I'm using MSXML 4.0 (IE6) and Mozilla.
In both the result is the same.
Do you have another suggestion?

Liao: I could change the Java code to produce only one document.
But I don't want to change the specification of my project.
Just for the record, this project is a parcial requisite for my graduation.
Let's say I'll change my Jave code as a last option.
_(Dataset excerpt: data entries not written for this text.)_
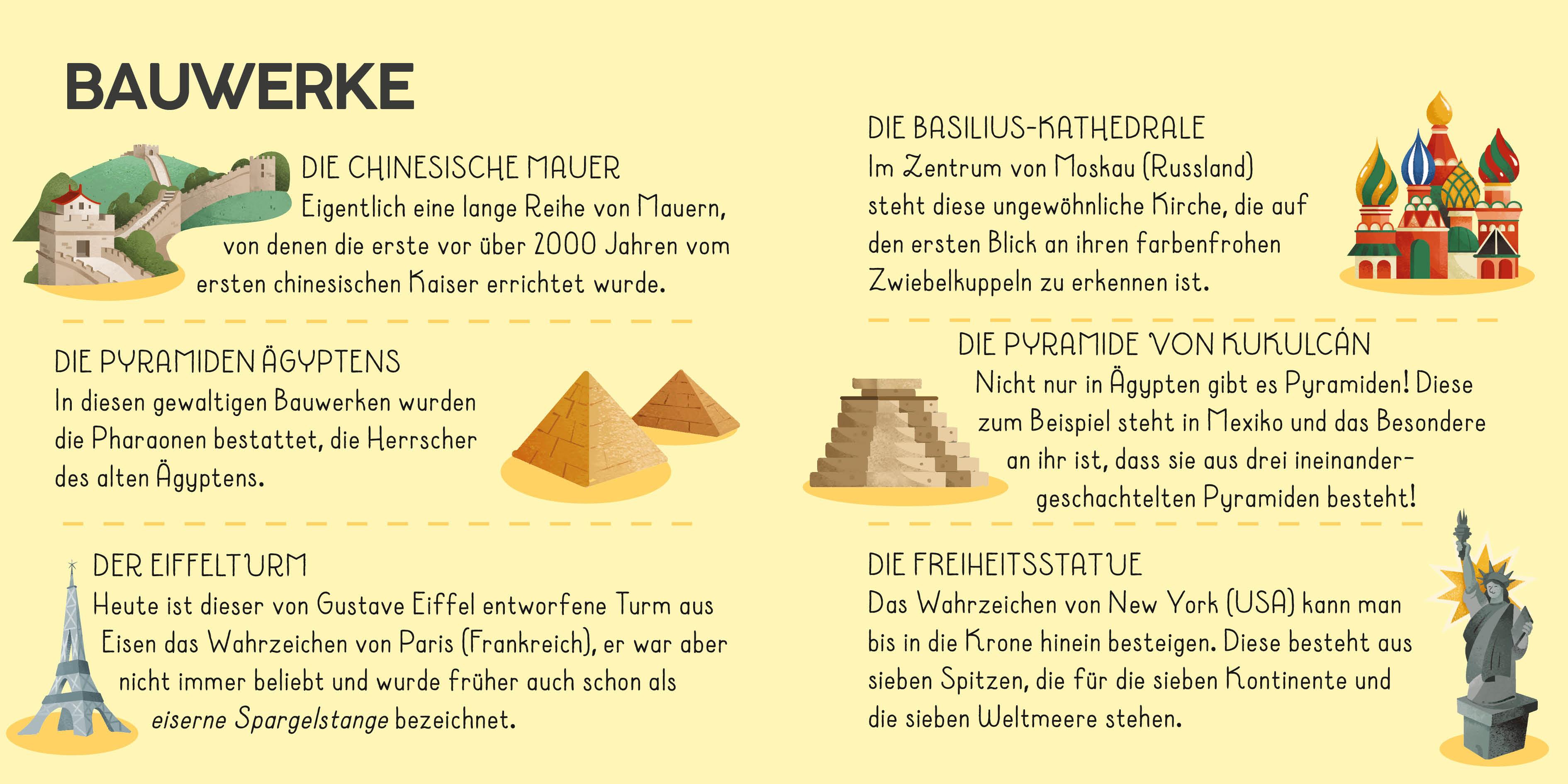 Beispielinhalt (Bild) Die Welt. Meine Erste Puzzle Box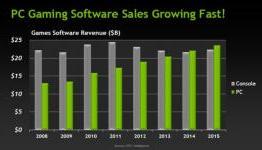 PC gaming isn’t dead – it will soon overtake consoles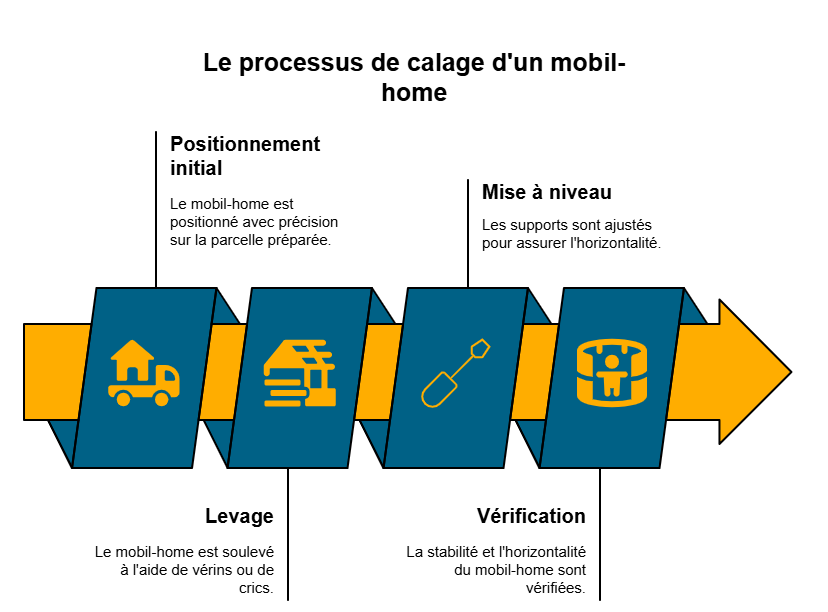 Les étapes pour caler un mobil-home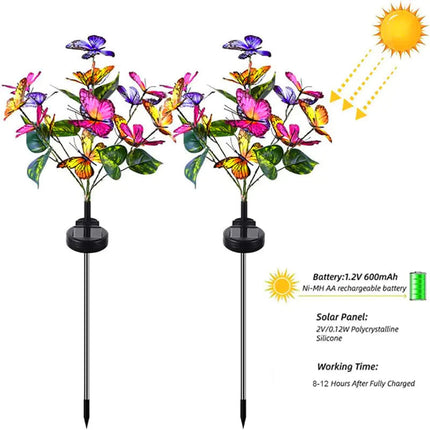 New Outdoor Solar LED Butterfly String Lights for Gardens A.H.S.STORE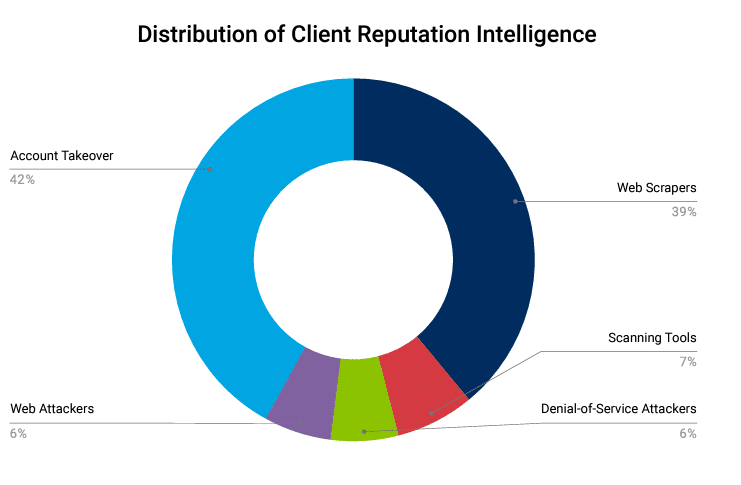 A pie chart showing percentages of cyber fraud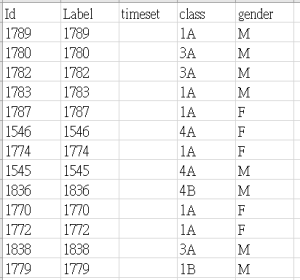 class-node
----- Original Message -----
From: "Joerg Heinicke" <joerg(_dot_)heinicke(_at_)gmx(_dot_)de>
To: <xsl-list(_at_)lists(_dot_)mulberrytech(_dot_)com>
Sent: Sunday, October 13, 2002 7:39 AM
Subject: Re: [xsl] Outputting from more than one source


Hmm, it should work - at least it looks ok. What processor are you
using? What happens if you do it in the following way:

<xsl:variable name="reg" select="/clients_ora/reg |
              document('other.xml')/clients_sqlsrv/reg |
              document('another.xml')/clients_db2/reg"/>

<xsl:apply-templates select="$reg">
     <xsl:sort select="name"/>
</xsl:apply-templates>

Regards,

Joerg

Gustavo Moreira wrote:
Yes, but what if there are three or more documents?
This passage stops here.